Keenan J. Mock: Media Archivist vs. Entropy

May 23, 2018

Keenan J. Mock is a Senior Media Archivist at Light Iron in Hollywood. He has made archives for over 200 feature film and television projects. Keenan discusses Hero Checksums, MD5 vs xxHash, and how to battle entropy (data loss) when creating your media archive.

Transcript

- Thank you, so I'm Keenan Mock. I'm the senior media archivist Light Iron. I'd like to thank Luma Forge for inviting me to speak today. I titled this Media Archivist vs. Entropy because I think that it's interesting that when you kind of think about it, an archivist's core job is to battle entropy, which is the gradual decline into disorder. 

 

Whether you're a media archivist or you're a physical assets archivist at the Smithsonian or at a local library with the Dewey Decimal System, you're always trying to create a system of checks and balances in order to alert you to any disorder.

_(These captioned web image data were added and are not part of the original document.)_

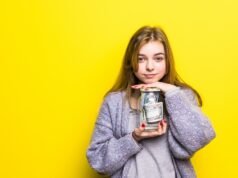 Kako izabrati deviznu štednju koja donosi više od privlačne reklame? Devojka drži teglu sa novcem kao simbol devizne štednje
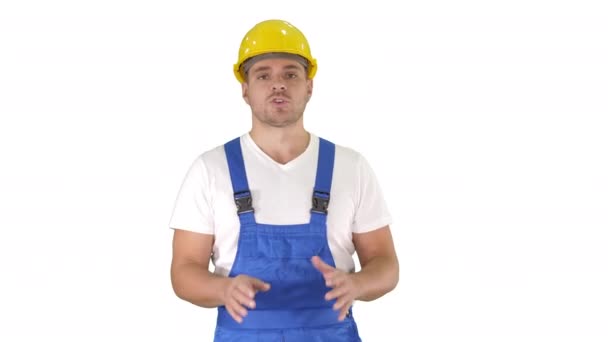 Foreman builder explaining something to camera and talking on white background. — Stock Video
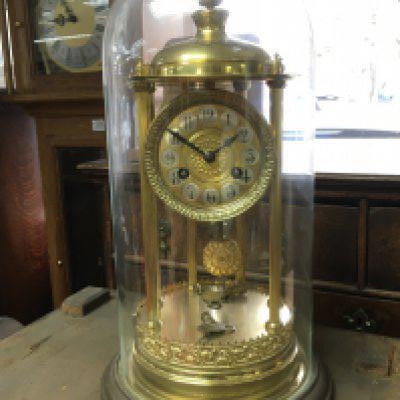 An early 20th century clock under a glass dome, 42cm tall. this lot cannot be posted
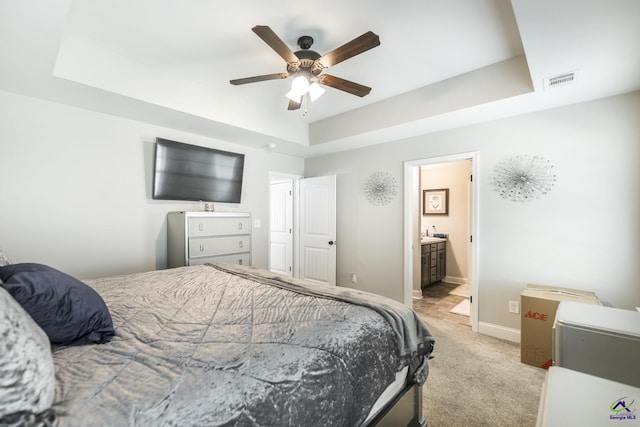 224 Allentown Ln, Macon, GA 31216 - bedroom featuring a tray ceiling, light carpet, baseboards, ensuite bathroom, and ceiling fan
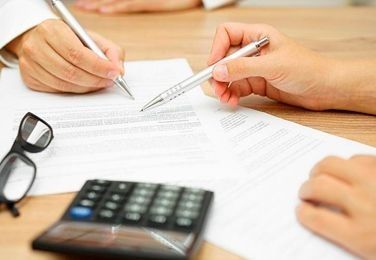 Manos firmando documentos con bolígrafos; calculadora y gafas sobre el escritorio.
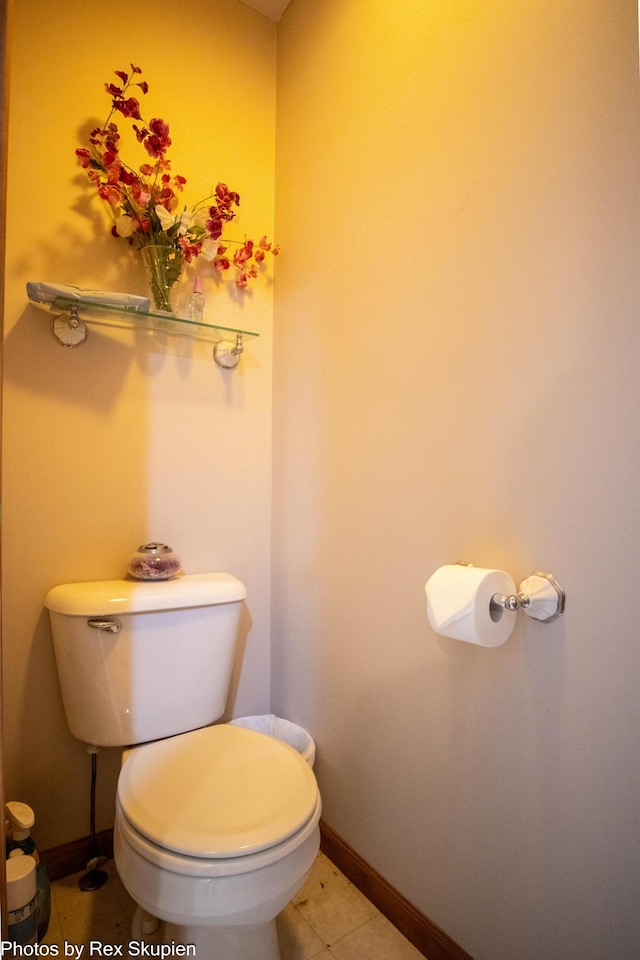 17474 Connor Cir, Bailey, MI 49303 - half bath featuring toilet and tile patterned flooring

Now, archiving is obviously a very broad topic, but today what I'm gonna try to do is outline a few general principles that when followed will guarantee the validity of any archive and gives you the best tool set to balance entropy.

 

Now these principles work small scale, smaller productions, huge, giant productions, anything in the middle, it'll work for camera negative, like what I'm gonna use in my example today. Work for finished files, vacation photos, really anything you got. So really quick, a little background on both Light Iron and myself. We are Panavision's Dailies and Finishing Service's arm.

 

We've got multiple locations across the U.S. Personally, I am based out of our L.A. office. And we support worldwide productions through all of our services from these facilities. Those services are dailies services, where we'll do customized workflows for facilities-based or near-set-based dailies workflow. We'll create a custom lot with your final colorist. We have offline rental space in New York and New Orleans. We've got turnkey services available in other cities as well.

 

As well as episodic and feature finishing, 2K UHD, 2K, 4K, 8K HDR, Adobe Vision, IMFJ2K, DCP Packaging, we've got it. We've got realtime collaboration between our facilities. And our theaters are available for private screenings. And, of course, archiving services. We provide archiving with all our previous services. That can be disc or tape or cloud-based archive. We'll also work with you to help migrate any existing archive into a meta-data-rich cloud archive, and we are a Netflix-preferred vendor with their content hub archive. We've been having a close collaboration with them.

 

We've actually one of only a very small handful of companies that has been greenlit to do OCF upload into their content hub. Personally, myself, for my role is as a senior media archivist, I oversee the worldwide archive and verification, and I've done over 200 feature films and episodic seasons in the past six years. This includes camera and sound negative from set, from production, as well as any other proxies and stuff created during the production into the archive, pulls from that archive for the effects pulls and conform, and final-color DI assets of these projects as well. These are some of the titles we've worked on the past few years. Now, this talk may get a little bit nerdy, a little technical.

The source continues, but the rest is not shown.